_Your objective_
Please copy every line of the data in which the string "from" appears.

_Listed entries_
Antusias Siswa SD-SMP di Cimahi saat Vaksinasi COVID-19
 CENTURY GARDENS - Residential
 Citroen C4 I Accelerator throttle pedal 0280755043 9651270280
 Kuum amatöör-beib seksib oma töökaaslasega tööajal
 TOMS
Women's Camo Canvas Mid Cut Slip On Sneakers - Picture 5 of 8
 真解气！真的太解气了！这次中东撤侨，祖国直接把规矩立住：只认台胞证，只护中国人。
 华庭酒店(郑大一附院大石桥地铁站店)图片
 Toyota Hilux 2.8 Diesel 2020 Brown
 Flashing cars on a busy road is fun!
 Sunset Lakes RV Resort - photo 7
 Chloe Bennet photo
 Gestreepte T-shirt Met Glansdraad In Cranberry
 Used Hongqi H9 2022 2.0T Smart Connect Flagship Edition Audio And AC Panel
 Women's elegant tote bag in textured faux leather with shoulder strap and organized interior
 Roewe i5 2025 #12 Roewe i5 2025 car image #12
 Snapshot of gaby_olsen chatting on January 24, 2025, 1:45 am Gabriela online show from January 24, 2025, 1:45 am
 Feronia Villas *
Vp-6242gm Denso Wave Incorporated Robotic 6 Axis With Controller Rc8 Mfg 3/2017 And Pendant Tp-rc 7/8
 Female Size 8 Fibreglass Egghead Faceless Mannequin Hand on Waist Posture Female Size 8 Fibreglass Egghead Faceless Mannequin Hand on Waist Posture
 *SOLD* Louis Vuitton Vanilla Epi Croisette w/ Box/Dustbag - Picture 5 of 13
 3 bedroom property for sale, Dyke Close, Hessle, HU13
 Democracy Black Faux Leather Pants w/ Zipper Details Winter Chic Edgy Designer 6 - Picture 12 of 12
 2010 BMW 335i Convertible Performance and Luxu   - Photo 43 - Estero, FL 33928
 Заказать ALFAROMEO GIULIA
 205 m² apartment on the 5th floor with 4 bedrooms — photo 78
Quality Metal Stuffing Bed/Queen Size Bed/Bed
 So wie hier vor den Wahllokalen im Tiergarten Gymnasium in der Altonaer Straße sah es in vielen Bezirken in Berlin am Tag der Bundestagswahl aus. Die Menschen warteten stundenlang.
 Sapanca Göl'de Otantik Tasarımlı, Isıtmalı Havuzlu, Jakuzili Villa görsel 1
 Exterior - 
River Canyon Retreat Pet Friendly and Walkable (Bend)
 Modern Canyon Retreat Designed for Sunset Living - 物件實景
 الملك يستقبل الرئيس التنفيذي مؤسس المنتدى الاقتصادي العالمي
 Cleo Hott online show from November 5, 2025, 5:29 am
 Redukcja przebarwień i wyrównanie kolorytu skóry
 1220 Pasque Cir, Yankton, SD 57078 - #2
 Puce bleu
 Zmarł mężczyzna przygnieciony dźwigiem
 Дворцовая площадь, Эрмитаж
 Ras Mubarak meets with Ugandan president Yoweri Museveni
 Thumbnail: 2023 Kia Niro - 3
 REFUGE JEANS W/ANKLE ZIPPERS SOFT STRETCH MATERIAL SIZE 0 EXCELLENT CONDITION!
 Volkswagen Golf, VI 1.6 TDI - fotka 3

_Solution below_
 Snapshot of gaby_olsen chatting on January 24, 2025, 1:45 am Gabriela online show from January 24, 2025, 1:45 am
 Cleo Hott online show from November 5, 2025, 5:29 am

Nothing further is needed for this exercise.